All entries need to be written out verbatim, with pictures omitted.
'''
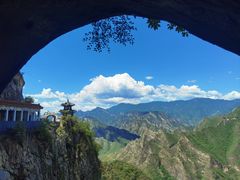 -圣莲山风景区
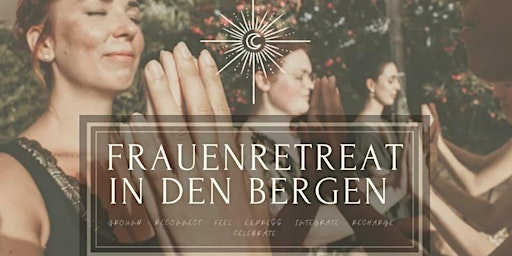 Frauenretreat in den Bergen (Digital Detox) primary image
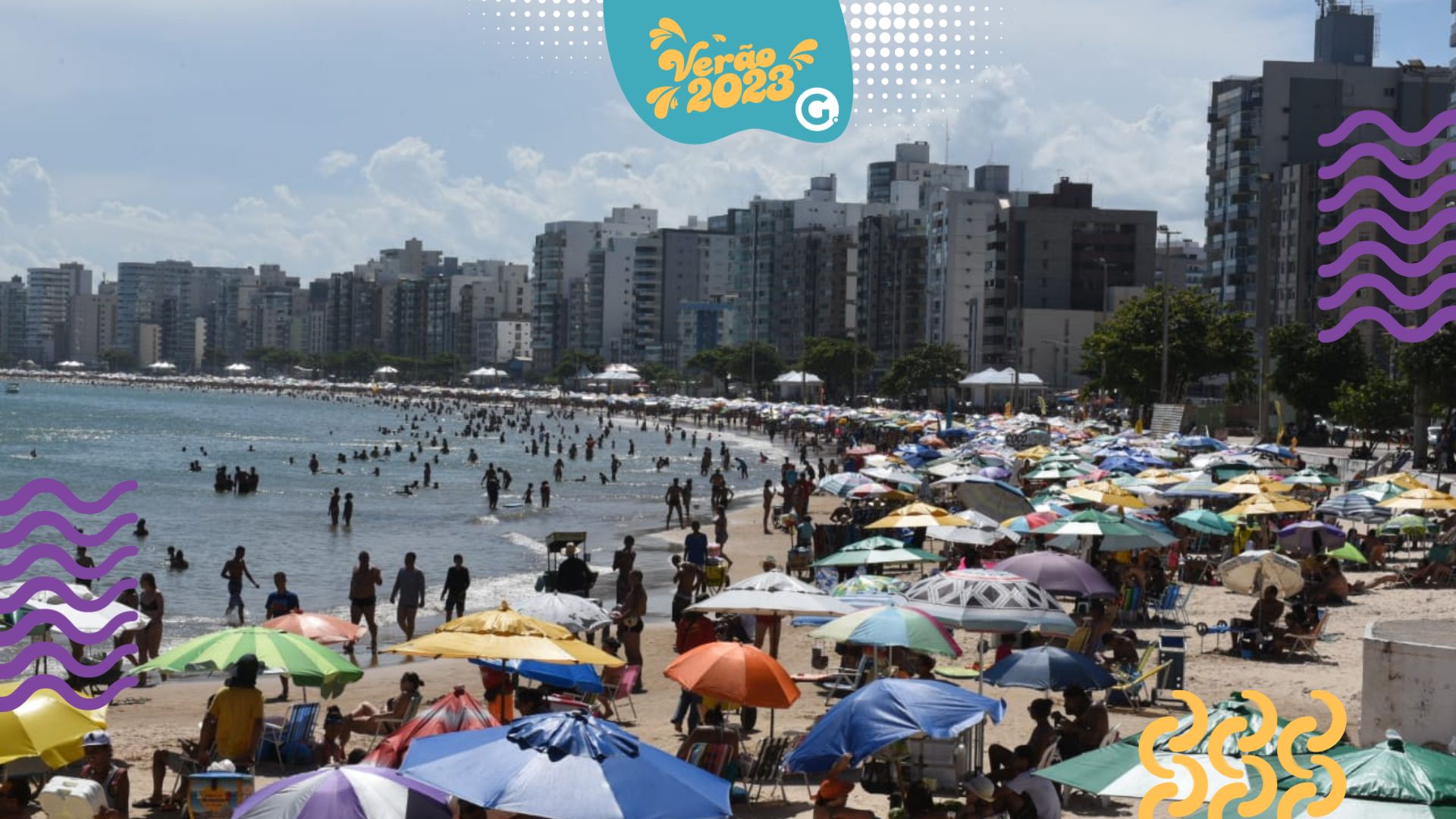 Sábado de sol é ideal para prática de Beach Tennis - Orla Rio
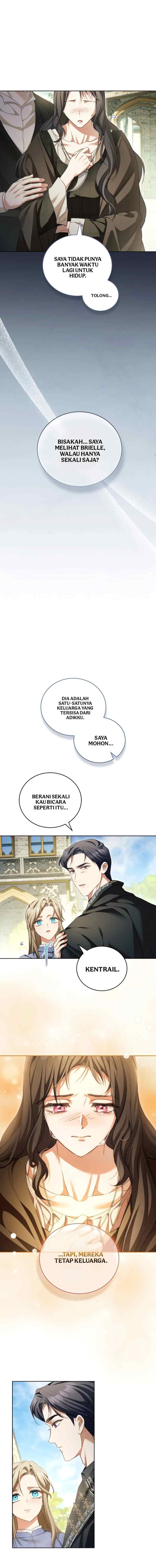 Childcare Diary With the Villainess chapter 76 halaman 12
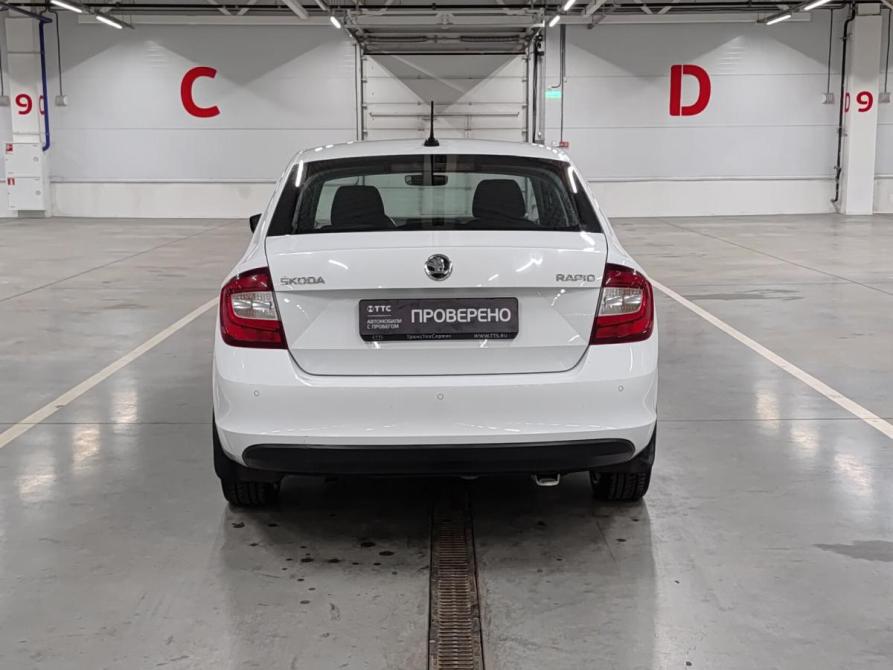 Skoda Rapid I Рестайлинг Казань  - изображение 7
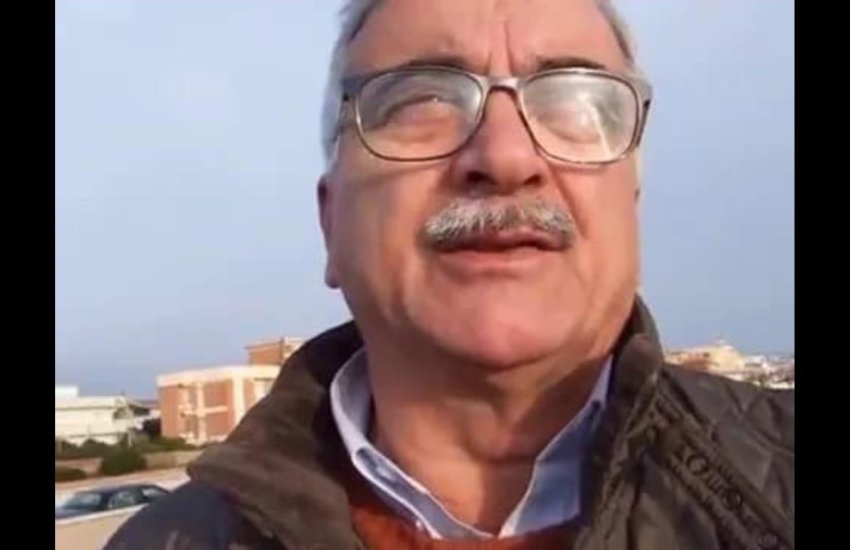 Lutto a Minturno per la scomparsa dell’ex sindaco Vito Romano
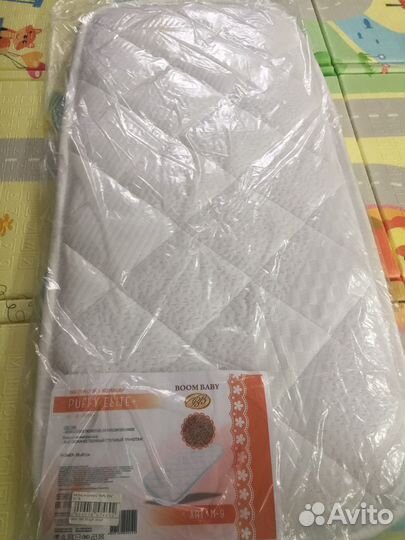 Матрасик в коляску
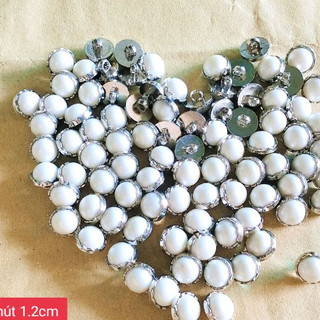 set cúc ngọc, nút ngọc có chân,cúc áo nhựa có chân ( nhiều mẫu,)(phần 1)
'''
* **REPLY**
 -圣莲山风景区
 Frauenretreat in den Bergen (Digital Detox) primary image
 Sábado de sol é ideal para prática de Beach Tennis - Orla Rio
 Childcare Diary With the Villainess chapter 76 halaman 12
 Skoda Rapid I Рестайлинг Казань  - изображение 7
 Lutto a Minturno per la scomparsa dell’ex sindaco Vito Romano
 Матрасик в коляску
 set cúc ngọc, nút ngọc có chân,cúc áo nhựa có chân ( nhiều mẫu,)(phần 1)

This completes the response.